• Given data:
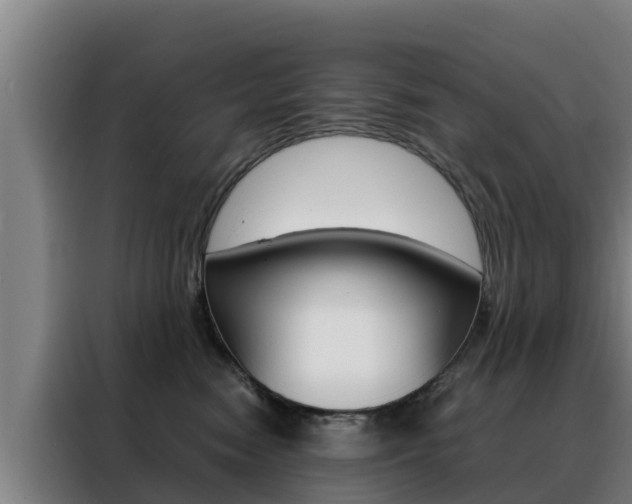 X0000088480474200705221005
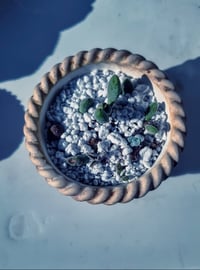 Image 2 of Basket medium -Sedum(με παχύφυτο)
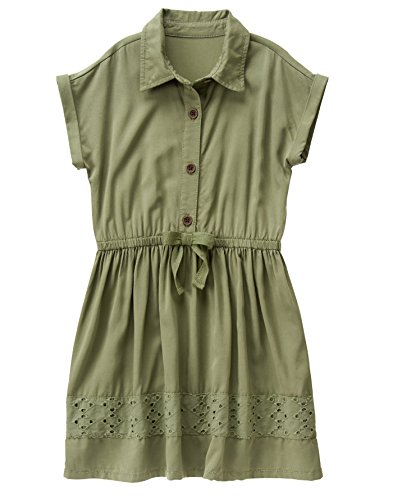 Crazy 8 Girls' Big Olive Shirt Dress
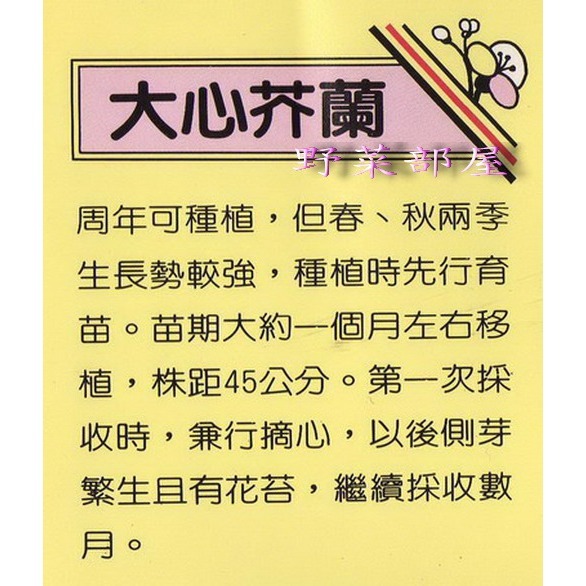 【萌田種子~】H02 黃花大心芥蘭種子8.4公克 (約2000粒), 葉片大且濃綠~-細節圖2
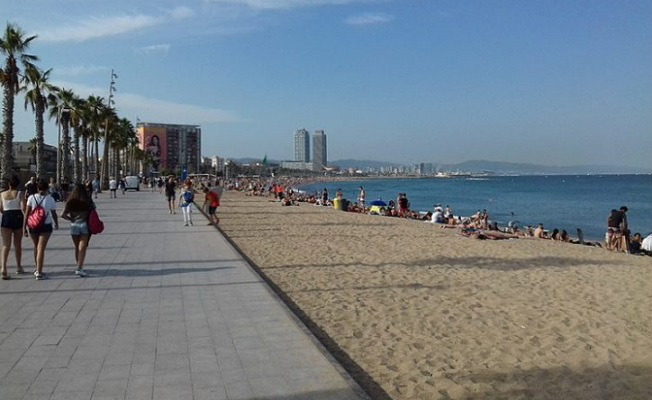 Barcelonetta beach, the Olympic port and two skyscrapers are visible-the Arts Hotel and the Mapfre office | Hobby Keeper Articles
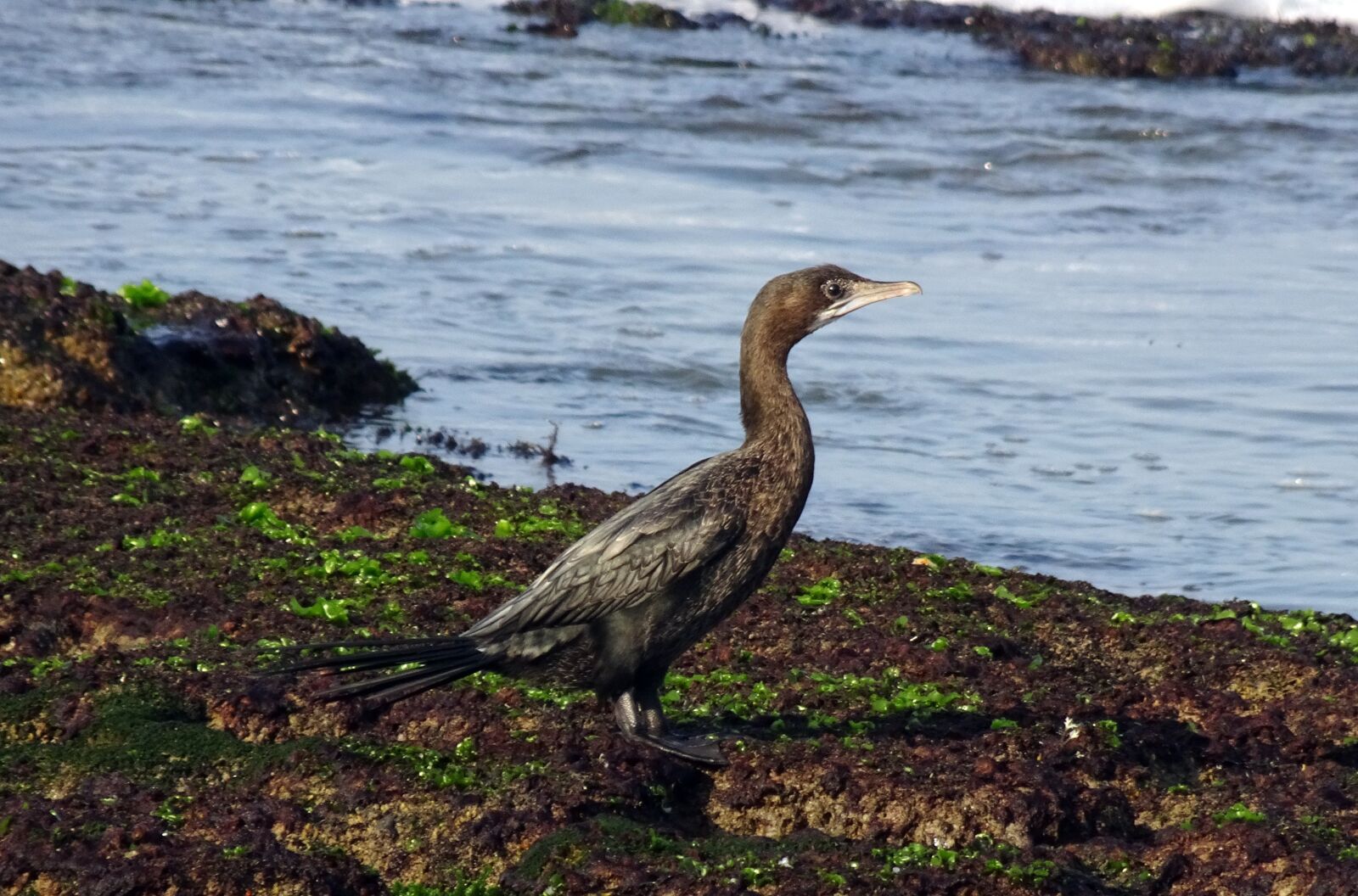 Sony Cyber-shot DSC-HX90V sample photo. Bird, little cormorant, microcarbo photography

* * *

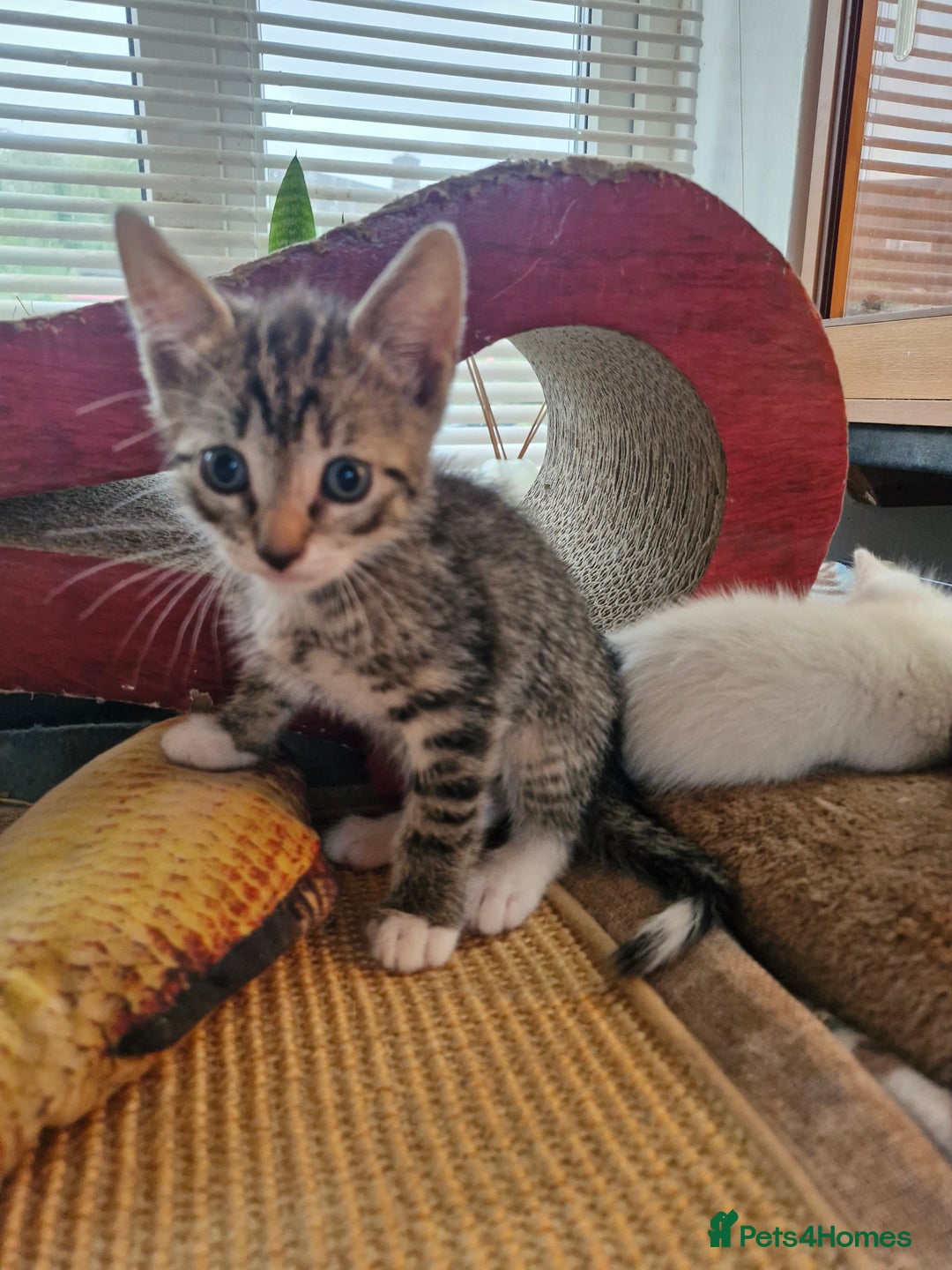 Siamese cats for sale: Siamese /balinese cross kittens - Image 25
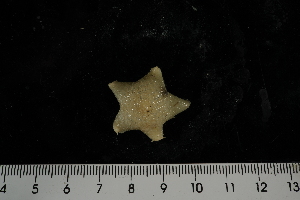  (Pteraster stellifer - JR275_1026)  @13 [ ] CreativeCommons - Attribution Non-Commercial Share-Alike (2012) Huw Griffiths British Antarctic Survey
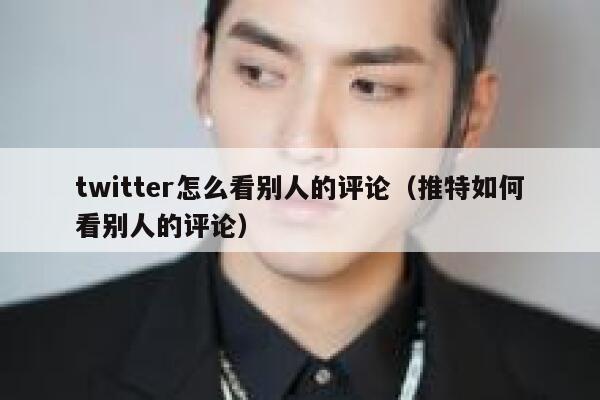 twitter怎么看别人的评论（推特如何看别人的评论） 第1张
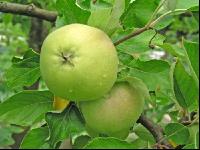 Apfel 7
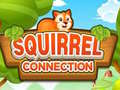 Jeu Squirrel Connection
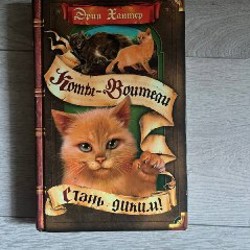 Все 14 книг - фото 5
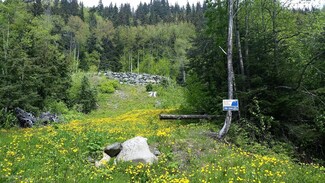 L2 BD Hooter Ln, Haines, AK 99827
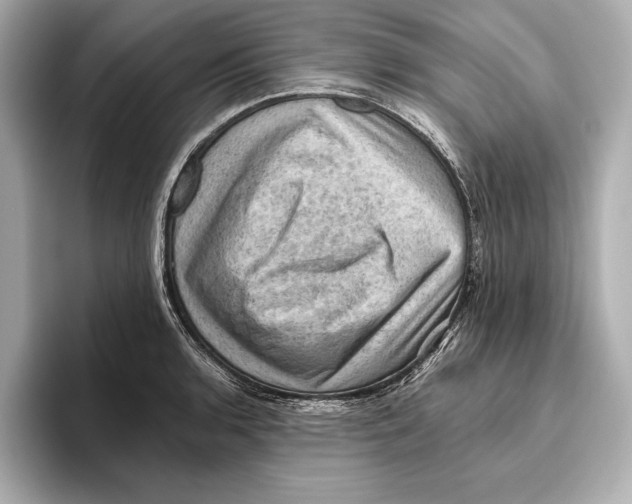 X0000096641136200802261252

...

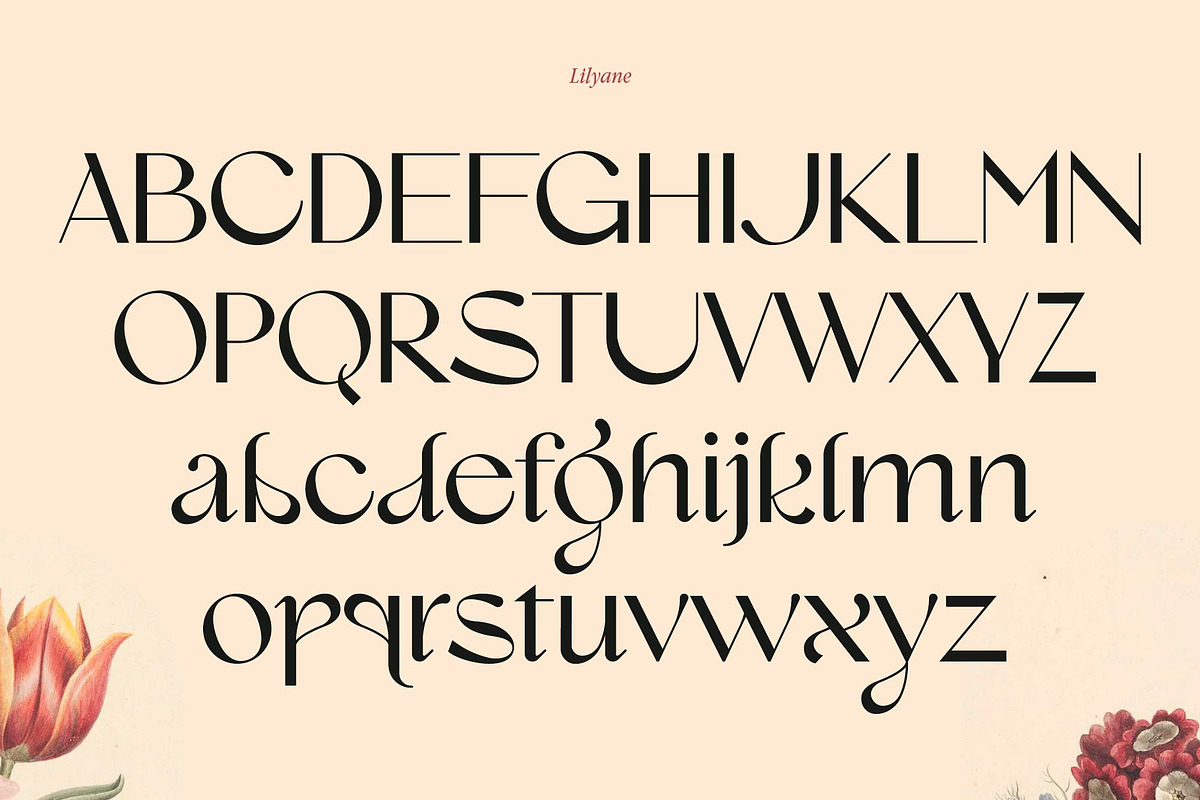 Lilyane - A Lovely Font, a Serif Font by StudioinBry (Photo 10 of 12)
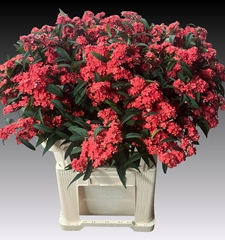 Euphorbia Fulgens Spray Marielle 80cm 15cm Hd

• Problem statement: Write out exactly the lines above between the one with "(Pteraster stellifer - JR275_1026)" and the one with "X0000096641136200802261252", inclusive, with pictures left out.

• Solution for this exercise:
  (Pteraster stellifer - JR275_1026)  @13 [ ] CreativeCommons - Attribution Non-Commercial Share-Alike (2012) Huw Griffiths British Antarctic Survey
 twitter怎么看别人的评论（推特如何看别人的评论） 第1张
 Apfel 7
 Jeu Squirrel Connection
 Все 14 книг - фото 5
 L2 BD Hooter Ln, Haines, AK 99827
 X0000096641136200802261252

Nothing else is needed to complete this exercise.